# Assassin snails



## Leopard Gecko (May 9, 2011)

Do assassin snails get eaten by blue rams?


----------



## holly12 (Apr 21, 2011)

So far I can't find anything on Blue Rams eating snails... everything I've read has said they ignore all snails (except one rare case).

If they tend to eat other types of snails, then I'd assume they would eat Assassins as well. But so far, I've not found a lot of info' leading me to believe that they eat them.

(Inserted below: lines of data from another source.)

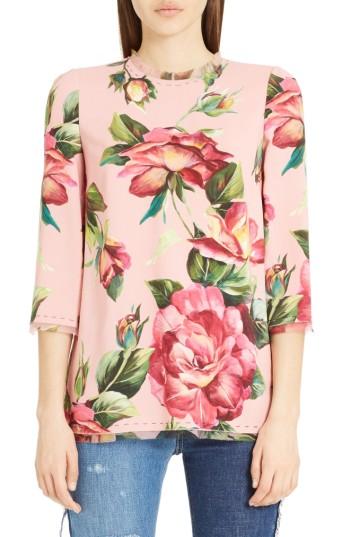 Women's Dolce & Gabbana Rose Print Cady Blouse Us / 42 It - Pink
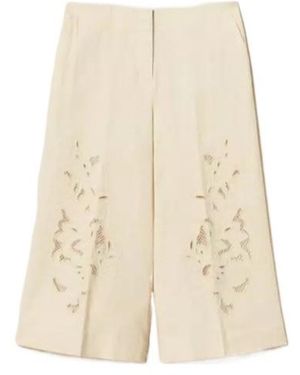 Twinset Cropped Wide-Leg Pants - Natural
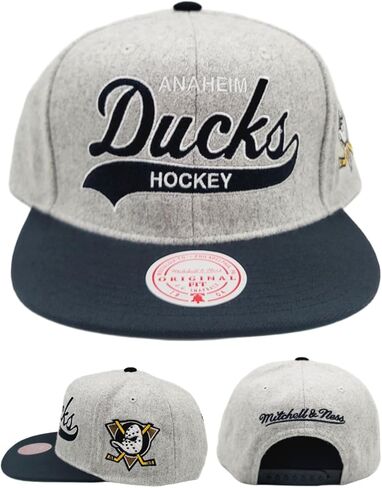 قبعة ميتشل آند نيس أنهايم داكس الجديدة NHL Retro Tailsweeper Melton Gray Black Era Snapback Hat in Kuwait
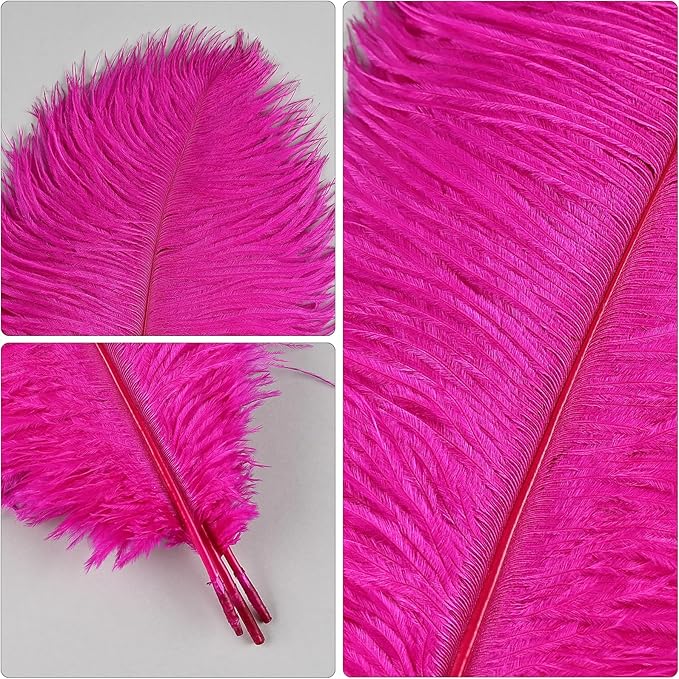 THARAHT Hot Pink Ostrich Feathers 24pcs Natural Bulk 8-10Inch 20cm-25cm - Image 3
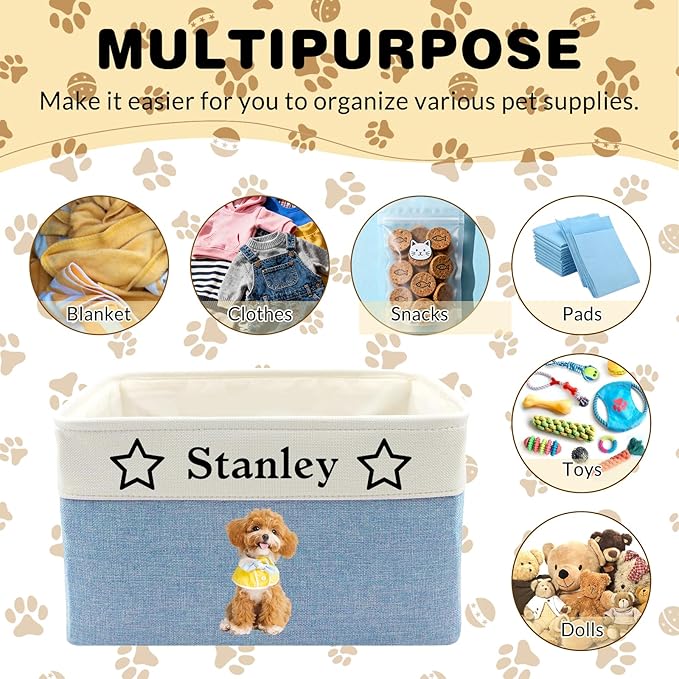 Custom Dog Toy Basket with Name Photo, Personalized Toys Clothing Storage Bins for Dogs Cats Pet,Collapsible Doggy Box Customized for Toy Food Pink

Probably if the Assassin's are big enough (I know they are not very large) they would be totally fine. I'm sure if the Rams are well fed, they won't have a reason to hunt snails anyway.


----------



## PC1 (May 25, 2011)

I would have to agree there shouldn't be any need for them to even think about eating an assassin. Besides assassins don't get eaten, they do the eating


----------



## susankat (Nov 15, 2008)

If you can't see them they are probably buried in the substrate. Mine burrows in the sand all the time. Only come out when they get hungry.


----------



## holly12 (Apr 21, 2011)

*i/a* They tend to bury themselves after a big meal and digest, lol. They also dig in the substrate to look for meaty left overs.


----------



## Big Dog (May 17, 2010)

Any snail can become lunch if the fish real wants to eat them.


----------